What to do
In the material below, begin at the line that has "Ford S-MAX 21 of 30", stop after the line that has "Ester Rodríguez y", and transcribe those lines exactly, without pictures.

Input records
- - - -
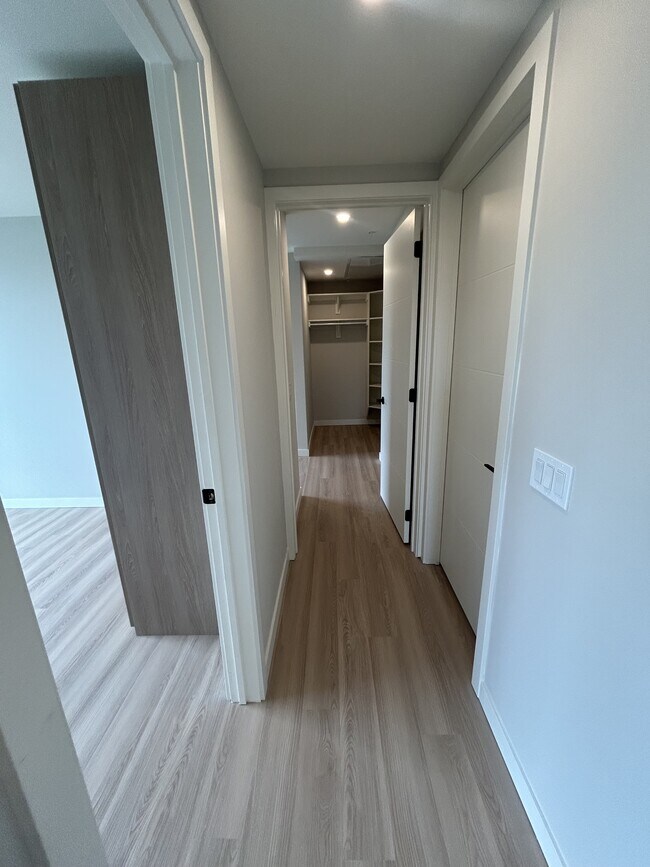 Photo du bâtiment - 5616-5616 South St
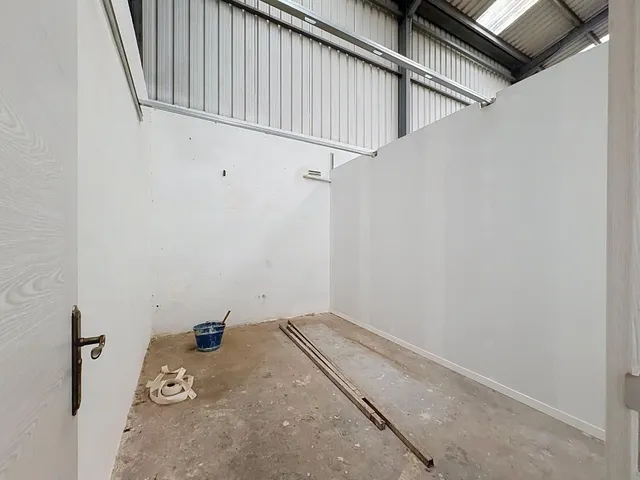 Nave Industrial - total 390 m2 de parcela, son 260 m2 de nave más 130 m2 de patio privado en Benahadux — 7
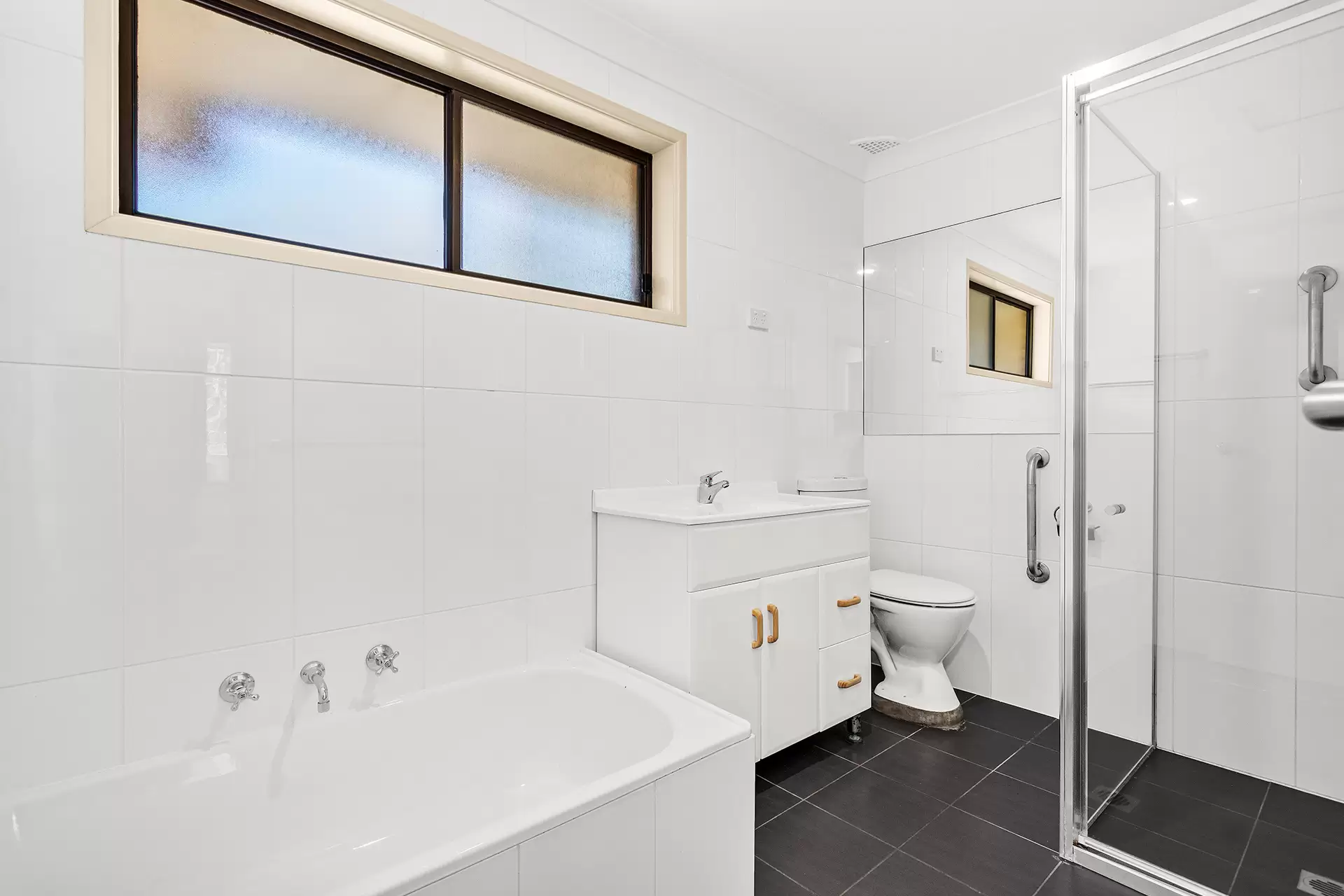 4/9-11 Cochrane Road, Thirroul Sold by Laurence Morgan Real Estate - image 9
- - - -
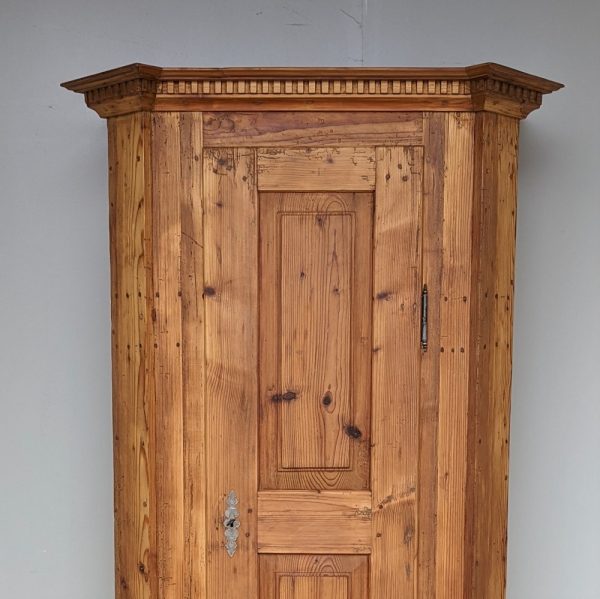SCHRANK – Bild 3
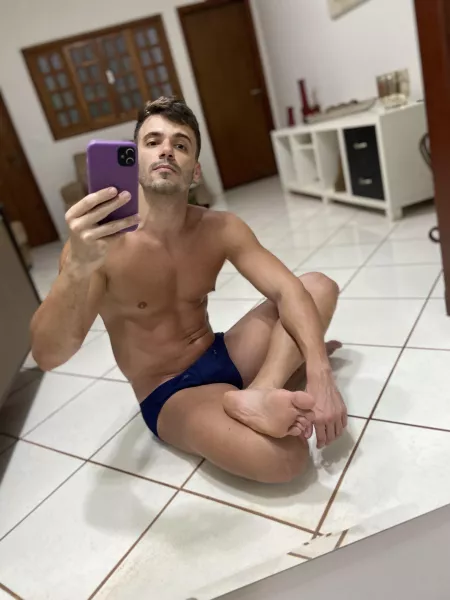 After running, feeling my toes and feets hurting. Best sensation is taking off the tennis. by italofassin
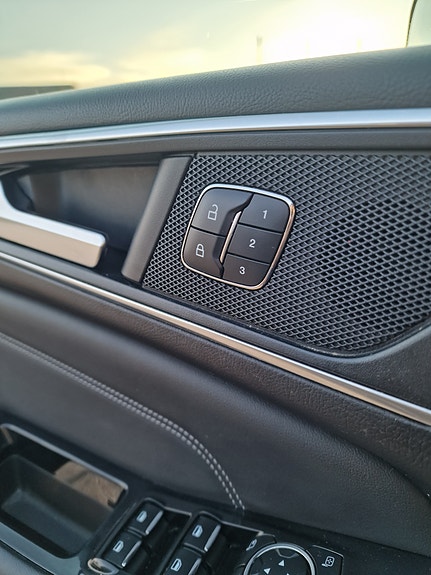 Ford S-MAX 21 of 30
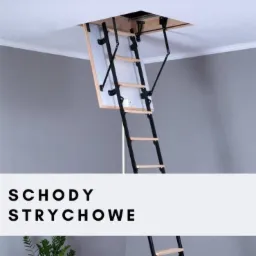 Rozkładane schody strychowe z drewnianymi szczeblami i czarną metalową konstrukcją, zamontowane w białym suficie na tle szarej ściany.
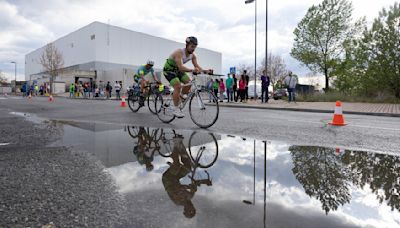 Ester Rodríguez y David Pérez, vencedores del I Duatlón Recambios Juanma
- - - -
Response below
 Ford S-MAX 21 of 30
 Rozkładane schody strychowe z drewnianymi szczeblami i czarną metalową konstrukcją, zamontowane w białym suficie na tle szarej ściany.
 Ester Rodríguez y David Pérez, vencedores del I Duatlón Recambios Juanma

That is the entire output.